Planlar hakkında bilgi sahibi bir kişiye göre Nvidia, gerilimi yumuşatmak amacıyla önümüzdeki aylarda üst düzey yöneticileri ile komisyon başkanı Zheng Shanjie arasında bir görüşme ayarlamaya çalışıyor.

NDRC’nin geçen yıl uygulamaya koyduğu ancak daha önce bildirilmeyen kısıtlamalar, ülkelerin gelişmiş yapay zeka geliştirme konusunda birbirleriyle yarışmaya çalıştığı bir dönemde, ABD-Çin ticaret geriliminin arttığı bir dönemde geldi.

Pekin, yerel şirketleri, yapay zeka modelleri geliştirmek için çok önemli olan grafik işlem birimlerini üreten Nvidia gibi yabancı grupların ürünlerine daha az bağımlı olmaya teşvik ediyor.

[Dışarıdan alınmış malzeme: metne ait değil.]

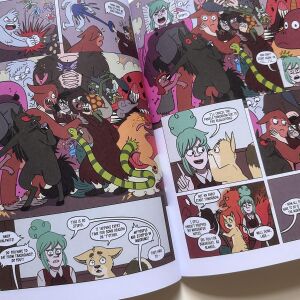 Who Killed Nessie?: The Mystery of the Loch Ness Monster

Konuyla ilgili bilgi sahibi kişiler, bu tür kısıtlamaların yalnızca inşa edilmekte olan veri merkezleri için geçerli olması nedeniyle, bazı şirketlerin mevcut veri merkezlerindeki eski çipleri H20’lerle değiştirerek bu kısıtlamaları aşmaya çalıştığını söyledi.

Bu kişilerden biri, uyumsuzluğun yerinde denetimleri ve ardından para cezalarını tetikleyebileceğini ve çoğu Çinli şirketin bundan kaçınmaya istekli olduğunu söyledi.

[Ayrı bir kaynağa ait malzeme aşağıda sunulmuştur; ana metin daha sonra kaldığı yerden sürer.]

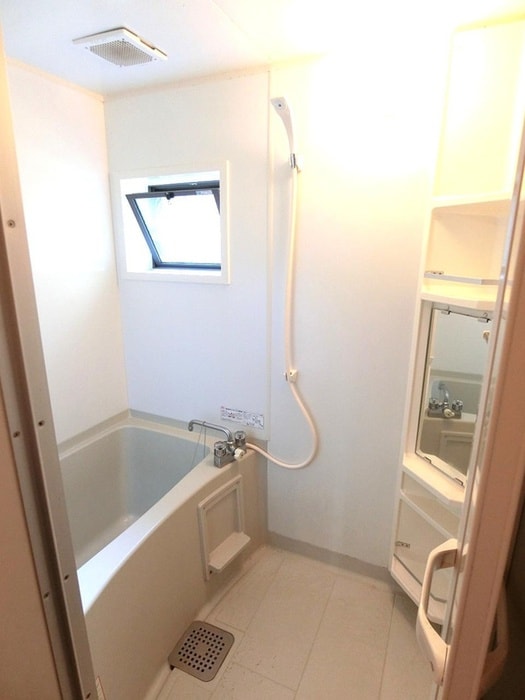 リヴェール小田　Ａ棟の物件内観写真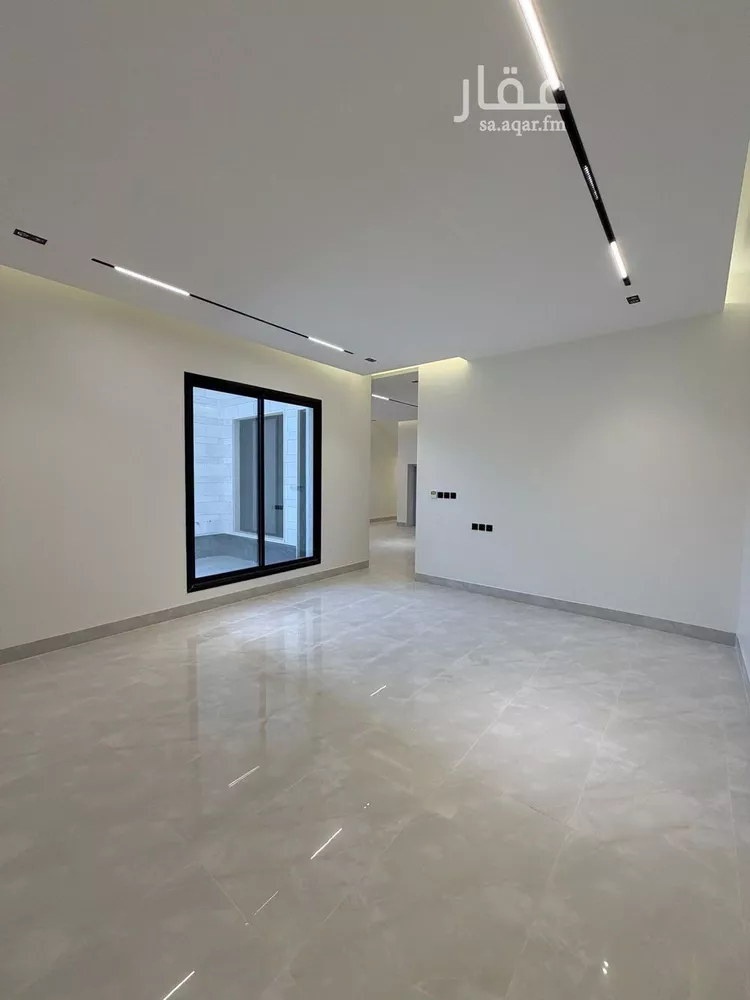 Villa for Sale in Riyadh Al Mahdiyah 12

Bu tehdidin üstesinden gelmek için Nvidia, NDRC gerekliliklerini karşılamak üzere H20 çiplerinde ayarlamalar yapmak için bir çözüm hazırladı. Ancak bu tür teknik değişiklikler çipin verimliliğini azaltacak ve Çin pazarındaki rekabet gücüne zarar verecektir.

Komisyonun tutumu, Pekin’in Washington ve Pekin arasındaki yüksek riskli teknolojik rekabette ABD’li çip devi Nvidia’ya karşı duruşu hakkında gergin bir sinyal gönderiyor.

H20 çipi Nvidia’nın Çin’deki amiral gemisi ve ABD’nin Ekim 2023’te ihracat kontrollerini sıkılaştırmasının ardından satış için onaylandı.

Konuyla ilgili bilgi sahibi bir kişi, DeepSeek’ in verimli akıl yürütme modelini piyasaya sürmesinin ülkede yapay zeka patlamasına yol açmasının ardından Alibaba’dan Tencent’e kadar teknoloji devlerinin bu yıl H20 çip siparişlerini agresif bir şekilde artırdığını söyledi.

Siparişlerdeki artış, Nvidia’nın Çin’e çip satışlarına daha fazla kısıtlama getirileceği beklentilerinin de ortasında geldi. Bloomberg ocak ayında Washington’un H20 çipini de kapsayabilecek ek kısıtlamaları araştırdığını bildirmişti.

Öte yandan, Çin Devlet Piyasa Düzenleme İdaresi’nin aralık ayında bir antitröst soruşturması başlattığı ve Nvidia’nın 2022 sonlarında ABD ihracat yasağı başlamadan önce bile Çinli müşterilere çip satışından geri çekilip çekilmediğini araştırdığı bildirildi.

Nvidia’nın 2025 mali yılı yıllık raporuna göre Çin, 17,1 milyar dolarlık geliriyle Nvidia’nın dördüncü en büyük pazarı ve toplam satışlarının yüzde 13’ünü oluşturuyor.

Nvidia yaptığı açıklamada “Ürünlerimiz hizmet verdiğimiz her pazarda üstün enerji verimliliği ve değer sağlıyor” dedi ve ekledi: “Teknoloji hızla ilerlerken, ihracat kontrol politikası, ABD firmalarının mümkün olan en enerji verimli ürünleri sunmasına ve aynı zamanda Yönetimin ulusal güvenlik hedeflerine ulaşmasına izin verecek şekilde ayarlanmalıdır.”